Wang Sentong, Hase Kazunori, Kita Shunsuke, Ogaya Shinya
Human-Mechanical System Laboratory, Graduate School of Systems Design, Tokyo Metropolitan University, Hachioji, Japan.
Human-Mechanical System Laboratory, Faculty of Systems Design, Tokyo Metropolitan University, Hachioji, Japan.
Front Bioeng Biotechnol. 2022 Oct 10;10:957435. doi: 10.3389/fbioe.2022.957435. eCollection 2022.
The biomechanical variation in the knee during walking that accompanies medial meniscal radial tears stemming from knee osteoarthritis (OA) has not been explored. This study introduced a finite element musculoskeletal model using concurrent lower limb musculoskeletal dynamics and knee joint finite element analysis in a single framework and expanded the models to include knees with medial meniscal radial tears and total medial meniscectomy. The radial tears involved three locations: anterior horn, midbody, and posterior horn with grades of 33%, 50%, and 83% of the meniscus width. The shear and hoop stresses of the tear meniscus and tibial cartilage contact load, accompanying tears, and postmeniscectomy were evaluated during the stance phase of the gait cycle using the models. In the 83% width midbody tear group, shear stress at the end of the tear was significantly greater than in the intact meniscus and other tear groups, and the maximum shear stress was increased by 310% compared to the intact meniscus. A medial meniscus radial tear has a much smaller effect on the tibial cartilage load (even though in the 83% width tear, the cartilage/total load ratio increased by only 9%). However, the contact force on the tibial cartilage with total postmeniscectomy was increased by 178.93% compared with a healthy intact meniscus, and the peak contact pressure after meniscectomy increased from 11.94 to 12.45 MPa to 17.64 and 13.76 MPa, at the maximum weight acceptance and push-off, respectively. Our study shows that radial tears with larger medial meniscus widths are prone to high stress concentrations at the end of the tears, leading to the potential risk of complete meniscal rupture. Furthermore, although the tears did not change the cartilage load distribution, they disrupted the circumferential stress-transmitting function of the meniscus, thus greatly increasing the likelihood of the onset of knee OA. The significant increase in the tibial cartilage load with total postmeniscectomy indicates a potential risk of OA flare-ups. This study contributes to a better understanding of meniscal tear-induced OA biomechanical changes during human activities and offers some potential directions for surgical guidance of meniscectomies and the prophylaxis and treatment of OA.

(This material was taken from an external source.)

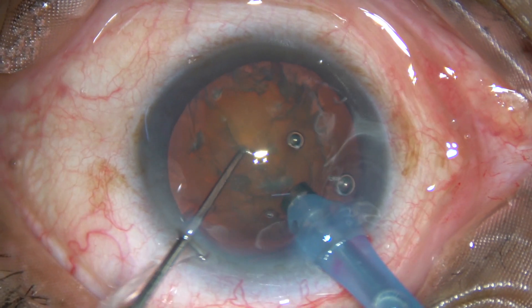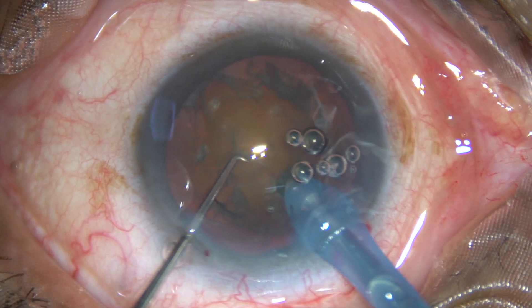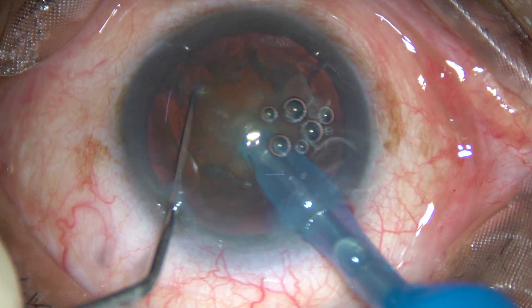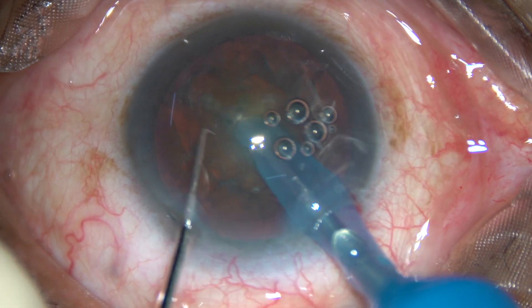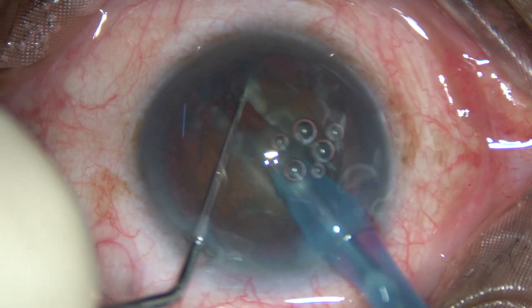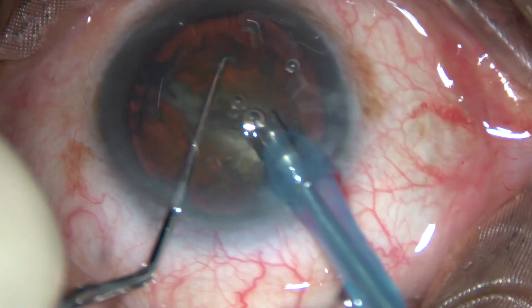This is submarine chop. The tip goes into the substance of the nucleus, travels through the nucleus, crosses the center, and then you chop it like this. See how beautifully you can chop it.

膝关节骨关节炎(OA)引发的内侧半月板放射状撕裂在行走过程中膝关节的生物力学变化尚未得到研究。本研究引入了一个有限元肌肉骨骼模型,该模型在单一框架中同时运用下肢肌肉骨骼动力学和膝关节有限元分析,并将模型扩展到包括内侧半月板放射状撕裂和全内侧半月板切除术的膝关节。放射状撕裂涉及三个位置:前角、体部中部和后角,撕裂程度分别为半月板宽度的33%、50%和83%。利用这些模型在步态周期的站立阶段评估了撕裂半月板的剪切应力和环向应力、胫骨软骨接触负荷、伴随撕裂情况以及半月板切除术后的情况。在半月板宽度83%的体部中部撕裂组中,撕裂末端的剪切应力显著大于完整半月板和其他撕裂组,与完整半月板相比,最大剪切应力增加了310%。内侧半月板放射状撕裂对胫骨软骨负荷的影响要小得多(尽管在半月板宽度83%的撕裂中,软骨/总负荷比仅增加了9%)。然而,全半月板切除术后胫骨软骨上的接触力与健康完整半月板相比增加了178.93%,半月板切除术后的峰值接触压力在最大承重和蹬离时分别从11.94和12.45兆帕增加到17.64和13.76兆帕。我们的研究表明,内侧半月板宽度较大的放射状撕裂在撕裂末端容易出现高应力集中,导致半月板完全破裂的潜在风险。此外,尽管撕裂并未改变软骨负荷分布,但它们破坏了半月板的环向应力传递功能,从而大大增加了膝关节OA发病的可能性。全半月板切除术后胫骨软骨负荷的显著增加表明存在OA复发的潜在风险。本研究有助于更好地理解人类活动期间半月板撕裂引起的OA生物力学变化,并为半月板切除术的手术指导以及OA的预防和治疗提供了一些潜在方向。